US: 3 jets over capital never on collision course
Published Thursday, August 2, 2012 10:16AM EDT
Last Updated Friday, August 3, 2012 5:37PM EDT
WASHINGTON -- None of the commuter jets that flew too close together near Washington on Tuesday was ever on course to collide head-on with the others, U.S. officials said Thursday.
During a news conference, U.S. Transportation Secretary Ray LaHood strongly disputed media reports characterizing what happened near Ronald Reagan Washington National Airport as a near-miss.
"At no point were the three aircraft on a head-to-head course. They were not on a collision course," said Michael Huerta, administrator of the Federal Aviation Administration.
However, the FAA said in a statement it "is investigating the incident and will take appropriate action to address the miscommunication." The National Transportation Safety Board said it, too, is reviewing what happened.
The jet problem occurred Tuesday afternoon after a miscommunication between a manager at Potomac Consolidated Terminal Radar Approach Control and two traffic management co-ordinators at the airport, Huerta said. The exact nature of the miscommunication was not immediately clear, but there was apparently a failure on both ends to follow standard procedure.
Air traffic controllers at the time had been changing the direction planes were landing and taking off at the airport because of bad weather including several thunderstorms, the closest about 6 miles (10 kilometres) south. Controllers cleared two outbound flights to head in the direction of an incoming plane.
"There's no doubt there was an error," said Florida aviation consultant Patrick McCormick, who worked in air traffic control for 35 years. He said that when you have planes departing in the direction of arriving planes, "there's no doubt something went terribly wrong."
"That can't happen with a runway change," he said.

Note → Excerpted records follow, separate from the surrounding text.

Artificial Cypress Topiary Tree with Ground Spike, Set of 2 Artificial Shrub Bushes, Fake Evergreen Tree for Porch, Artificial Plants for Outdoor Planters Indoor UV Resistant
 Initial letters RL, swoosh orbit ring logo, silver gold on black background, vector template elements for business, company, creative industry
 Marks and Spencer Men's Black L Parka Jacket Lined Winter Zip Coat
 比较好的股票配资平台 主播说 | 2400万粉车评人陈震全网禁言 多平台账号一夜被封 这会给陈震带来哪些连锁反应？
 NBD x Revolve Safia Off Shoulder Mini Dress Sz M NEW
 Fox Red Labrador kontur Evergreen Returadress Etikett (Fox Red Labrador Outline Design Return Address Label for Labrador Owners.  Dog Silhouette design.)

Both LaHood and Huerta praised the work of air traffic controllers to quickly set the US Airways-operated commuter planes on another path once they learned they were too close together. Huerta said the planes, which were carrying 192 passengers and crew members, were on different headings at different altitudes and thus never would have crashed.
All of the planes were equipped with collision avoidance systems, but none was activated Tuesday, Huerta said.
When asked by a reporter, LaHood refused to discuss what may have happened if the planes had not been diverted by the air traffic controller.
Federal guidelines require that commercial jets remain separated by at least 1,000 vertical feet (300 metres) and 3.5 lateral miles (5.6 kilometres).
The agency said the landing plane came within 800 vertical feet (244 metres) and about nine-tenths of a lateral mile (1.6 kms) of one departing plane and 800 vertical feet (244 metres) and 2.4 lateral miles (3.7 kilometres) of a second outbound plane.
William Voss, a former pilot and air traffic controller who now heads the non-profit Flight Safety Foundation, said the fact that onboard collision-avoidance alarm systems did not go off is "telling." If two planes are on an imminent collision course, that alarm would have sounded, and that system is very reliable.
"It's kind of like the difference between a speeding ticket and reckless driving. It's definitely more in the speeding ticket category," Voss said of Tuesday's incident.
Voss said changing the arrival and departure directions at an airport is a "complicated situation," one of the most difficult procedures air traffic control does. That's especially so at Reagan National, in part because it's such a busy airport.
Pilots also must adhere to flight restrictions around the nation's capital.
An audio recording of communications between the landing plane and the air traffic control tower indicates confusion as the flight is given instructions on landing.
"We were clear at the river back there. What happened?" someone in the plane's cockpit says on the recording, obtained from LiveATC.net, a website that records air traffic communications.
The tower responds: "We're trying to figure this out, too. Stand by."
The landing flight then advises the tower that the plane doesn't have much fuel left: "We gotta get on the ground here pretty quick," a man says.
US Airways spokesman Todd Lehmacher said in an email that the airline is "currently investigating and working with the FAA to determine what occurred."
The airline has more than 230 daily departures from the airport to more than 70 cities.
In fiscal year 2010, the latest year for which statistics were available, the FAA recorded 1,887 operational errors, which it defines as a "situation in which an air traffic controller fails to maintain a safe distance between two or more aircraft, in the air or on the ground, or a safe distance from terrain, obstructions and certain airspace not designated for routine air travel." That was an increase from fiscal year 2009, in which the FAA recorded 1,234 such errors.
Such incidents might be avoided with full implementation of NextGen, the FAA's program for modernizing air traffic control, said Joshua Schank, president of the Eno Center for Transportation, a Washington-based think-tank .
The NextGen plans include equipping planes with positioning satellite technology that would continually broadcast their exact positions, not just to air traffic controllers, but to other similarly equipped aircraft within hundreds of miles. Pilots would be able to see on cockpit displays where they are in relation to other planes and what the flight plans are for those other aircraft.
"It might have helped pilots in the air see what might have happened sooner than they did," Schank said.
He said NextGen implementation has been slow because aircraft makers and airlines do not feel assured they will get a return for investing in the technology.